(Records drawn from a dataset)
::::

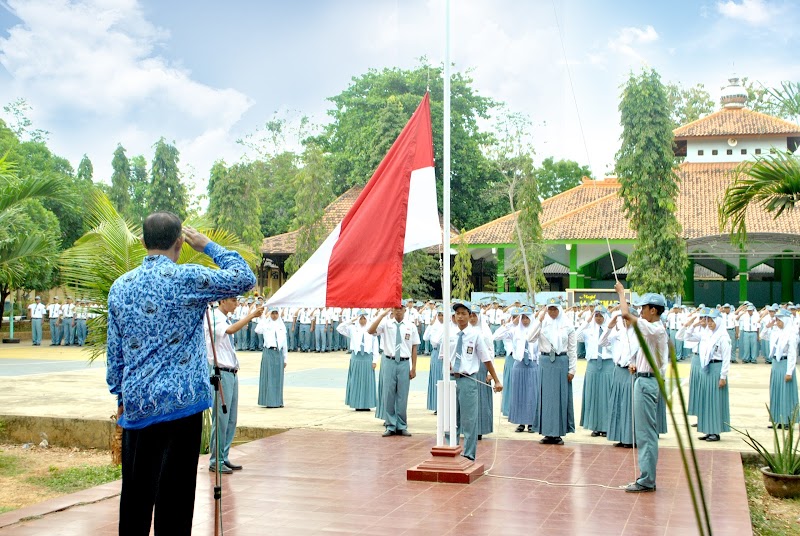 Foto SMA di Kab. Tuban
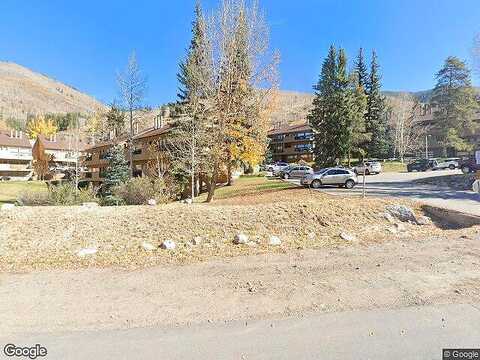 Bighorn Rd, Vail, CO 81657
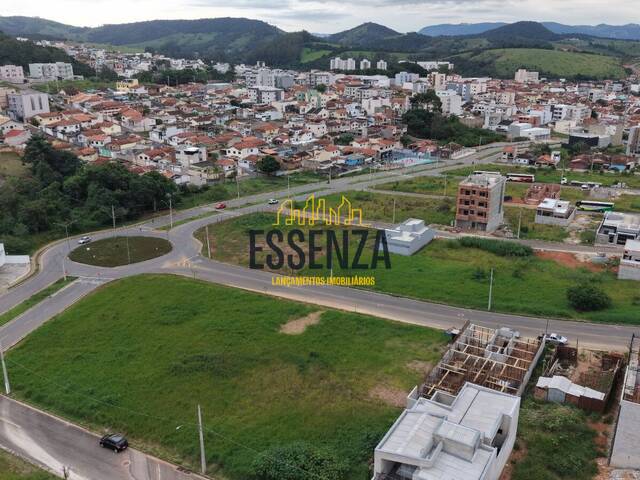 #3062 - Área para Venda em Pouso Alegre - MG - 1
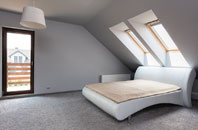 Thornsett bedroom extensions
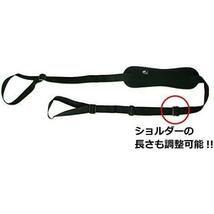 ヘヴン スケートキャリーストラップ オレンジ HEAVEN SKATE CARRY STRAP 橙_画像4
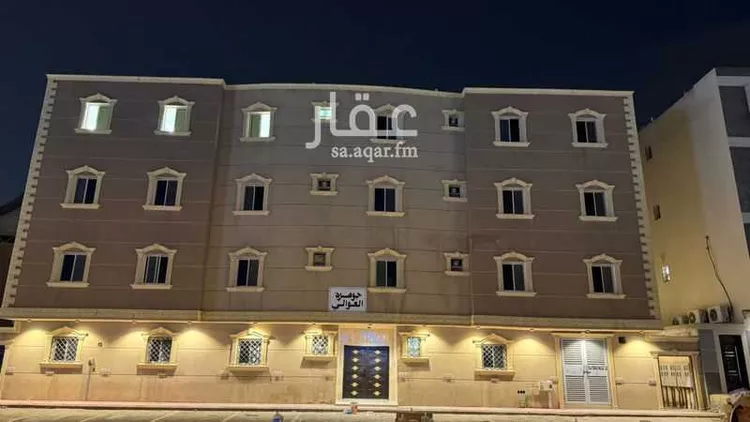 Apartment for Rent in Riyadh Dhahrat Namar
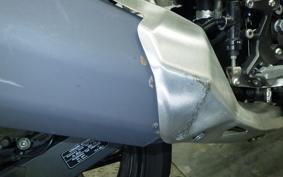 KAWASAKI NINJA 400 2023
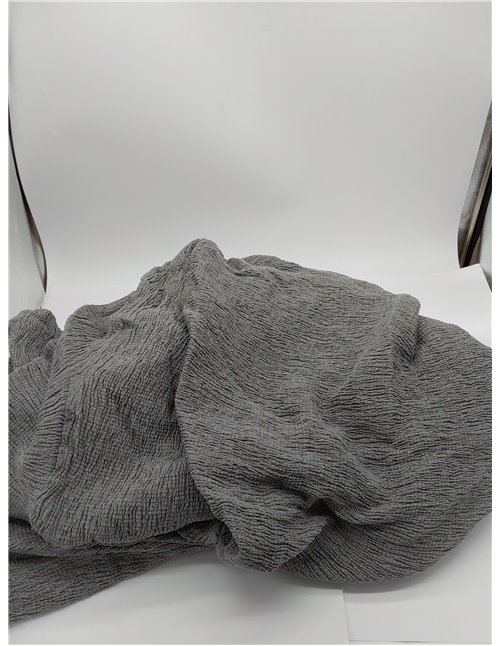 Eysa Llion Funda de sofá, Lycra, Gris, Brazo Largo Derecha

::::

> _TASK OBJECTIVE_
Write out exactly the lines beginning with the line that holds "KAWASAKI NINJA 400 2023" and ending with the final line of the data, both ends included, without the pictures.

> _EXERCISE OUTPUT_
 KAWASAKI NINJA 400 2023
 Eysa Llion Funda de sofá, Lycra, Gris, Brazo Largo Derecha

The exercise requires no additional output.